Y desde las tonterías de la alcaldesa Colau con el nomenclátor del callejero barcelonés, las estulticias que por Girona algunos han querido aplicar con su Principado a las últimas reprobaciones de la Cámara catalana o el plenario municipal barcelonés, en el fondo sólo existe un común denominador: la monarquía, como emblema, es el eslabón más débil y accesible del Estado que se intenta demoler. Felipe VI jamás podrá decidir una prisión provisional para los secesionistas, aplicar el 155 o modificar legislativamente las competencias que Cataluña posee en la actualidad. Con el ataque a la monarquía como institución sólo se pone en cuestión el andamiaje de convivencia nacido tras la dictadura franquista y rubricado en la Constitución de 1978.

Quienes desde el nacionalismo abrazaban la monarquía hace una década y hoy atacan con esa furia repentina a la esquelética cabeza del Estado saben que no tienen más formas de seguir latiendo que a través de la gestualidad de sus movimientos. Y eso, empieza a mostrar una terrible debilidad: han perdido la partida de póker e intentan en las últimas rondas desplumar al jugador más novel de la mesa. Así, de paso, esconden su inutilidad política para resolver los problemas de distribución de la renta, las amenazas de pervivencia del Estado del bienestar o enseñan a las claras su incapacidad para evolucionar hacia democracias de verdad más progresistas y participativas, menos corruptas también en los gobiernos regionales. Con esto del acoso al Rey desde las identidades populistas actúan como si se disparara con escopetas de cartuchos a los palillos de un chiringuito de feria.
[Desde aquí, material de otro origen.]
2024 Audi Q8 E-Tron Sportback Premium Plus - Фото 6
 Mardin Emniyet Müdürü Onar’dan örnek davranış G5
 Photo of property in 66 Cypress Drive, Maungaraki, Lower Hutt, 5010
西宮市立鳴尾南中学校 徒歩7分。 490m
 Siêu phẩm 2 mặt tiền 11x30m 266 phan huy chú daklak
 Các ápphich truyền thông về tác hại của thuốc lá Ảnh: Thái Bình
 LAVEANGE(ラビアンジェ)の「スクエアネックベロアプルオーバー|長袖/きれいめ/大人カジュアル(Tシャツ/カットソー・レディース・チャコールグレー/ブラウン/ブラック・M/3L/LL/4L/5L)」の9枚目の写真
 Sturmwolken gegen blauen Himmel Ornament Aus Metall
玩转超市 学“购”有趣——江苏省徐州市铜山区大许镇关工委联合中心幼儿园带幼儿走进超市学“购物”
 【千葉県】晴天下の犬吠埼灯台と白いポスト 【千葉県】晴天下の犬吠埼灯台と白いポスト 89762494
La monarquía española es hoy de papel, pese a tratarse de un sencillo símbolo constitucional. En la corte de Madrid hay apuestas sobre si los descendientes de Felipe VI llegarán algún día a reinar. De momento gana el no. Lo que nadie tiene claro es que un sistema alternativo, con un jefe de Estado republicano, resulte en la práctica más democrático que el actual. Algunos recuerdan horrorizados cuando José María Aznar y el fallecido Antonio García Trevijano suspiraban por una tercera república constitucional que sustituyera a la monarquía parlamentaria. Si la tradición real (arraigada en la historia) se erradicase por los populismos que nos invaden, los riesgos de involución democrática son evidentes: será difícil que un jefe de Estado republicano acumule tan nulos poderes como los atesorados hoy por el Rey. Y eso, por más que se emperren en convencernos, no supone ni más ni mejor democracia.